Geçtiğimiz haftalarda Rusya-Ukrayna Savaşı’nın ekonomi üzerindeki etkilerinden bahsetmiş ve bu olumsuz sonuçların daha az yaşanması için enerji güvenliğinin öneminden bahsetmiştim. Bu hafta da “Yeşil Enerji” kavramının ekonomiye etkisinden bahsedip enerji ekonomisine biraz ara vereceğim.
Öncelikle “Yeşil Enerji” nedir sorusunu cevaplayalım. Yeşil enerji, aslında hepimizin bildiği yenilenebilir enerji kaynakları (güneş enerjisi, rüzgar enerjisi vb.) ve özellikle Rusya-Ukrayna Savaşı sonrası dönemde nükleer enerji gibi doğaya daha az zarar veren, enerji güvenliği ve enerji sürdürülebilirliğini sağlayan bir enerji çeşididir.
Yeşil Enerjinin doğaya olan katkıları zaten çokça dile getirilmektedir. “Küresel Isınma” başta olmak üzere insanoğlunun doğa üzerindeki olumsuz etkisini azaltan ve gelecekte yaşanabilecek bir doğa bırakmaya yardımcı olduğu zaten bilinmektedir. Ancak ekonomiye etkileri çoğunlukla yüzeysel bir şekilde anlatılmaktadır.
Oysa Yeşil Enerji doğaya sağladığı katkının yanında ekonomiye de can suyu olur. Bu konuda verilebilecek en önemli örnek enerji güvenliğine sağladığı katkıdır. Enerji güvenliği bir ülkenin kalkınmasında kilit rol oynayan unsurlardan biridir, o ülkenin finansal özgürlüğünün teminatıdır. Enerji güvenliğinin önemini önceki yazımda Fransa-Almanya üzerinden açıklamıştım. Şimdi yeşil enerjilerin başta enerji güvenliği olmak üzere ekonomiye katkılarına bakalım.

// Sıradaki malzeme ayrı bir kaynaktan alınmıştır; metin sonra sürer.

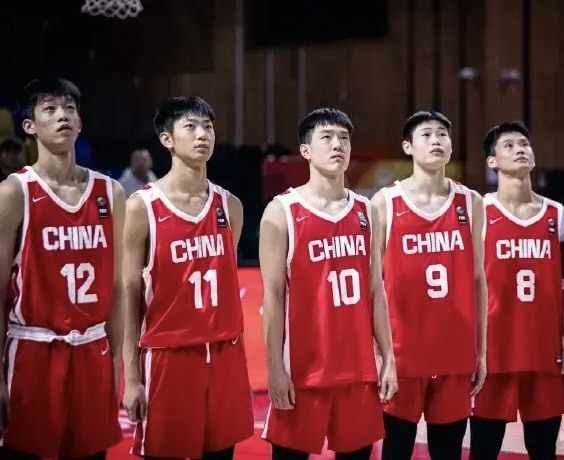 中國U16不敵澳洲拿到亞青賽亞軍,但表現十分已超出球迷預期。(photo from 中國微博截圖)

Öncelikle Yeşil Enerji; petrol, doğal gaz, kömür gibi çoğu ülkenin dışa bağımlı olduğu (birkaç ülke hariç) kaynakların kullanımını azaltarak enerji giderlerinin ve enerji bağımlılığının azalmasında önemli rol oynar. Elbette, rüzgar enerjisi gibi enerji kaynakları doğaya bağlıdır. Doğa olayları enerji üretimini etkileyebilir. Ancak unutulmaması gereken bir konu nükleer enerjidir.
Nükleer enerji hala tartışılan bir konu olsa da çoğu önemli isim gerekli önlemler alındığı zaman nükleer enerjinin çok verimli ve gayet de çevreci bir enerji kaynağı olduğu konusunda hemfikirdir. Nükleer Enerji, doğa olaylarından kolay kolay etkilenmez (etkilendiği zaman zaten ortada enerji güvenliği ve ekonomiden daha büyük sorunlar var demektir.). Dolayısıyla yeşil enerji çeşitli dış etkenlere açık olsa da bir ülkenin enerji ithalatını azaltır ve savaş gibi olağanüstü durumlarda o ülkenin daha az enerji sorunu yaşamasına vesile olur.
Öte yandan yeşil enerjinin üretiminde teknolojik cihazlar gereklidir. Bunun üretimini ve bakımını sağlayacak personeller gereklidir. Bu yüzden yeşil enerji yeni sektörler oluşturur ve bu şekilde de yeni iş imkanları sağlar. Dahası mevcutta üretim yapan şirketlerin enerji masraflarını da kısa vadede olmasa da uzun vadede azaltır.
Kısacası Yeşil Enerji, ekonomilerin gelişmesine ciddi katkılar sunabilir.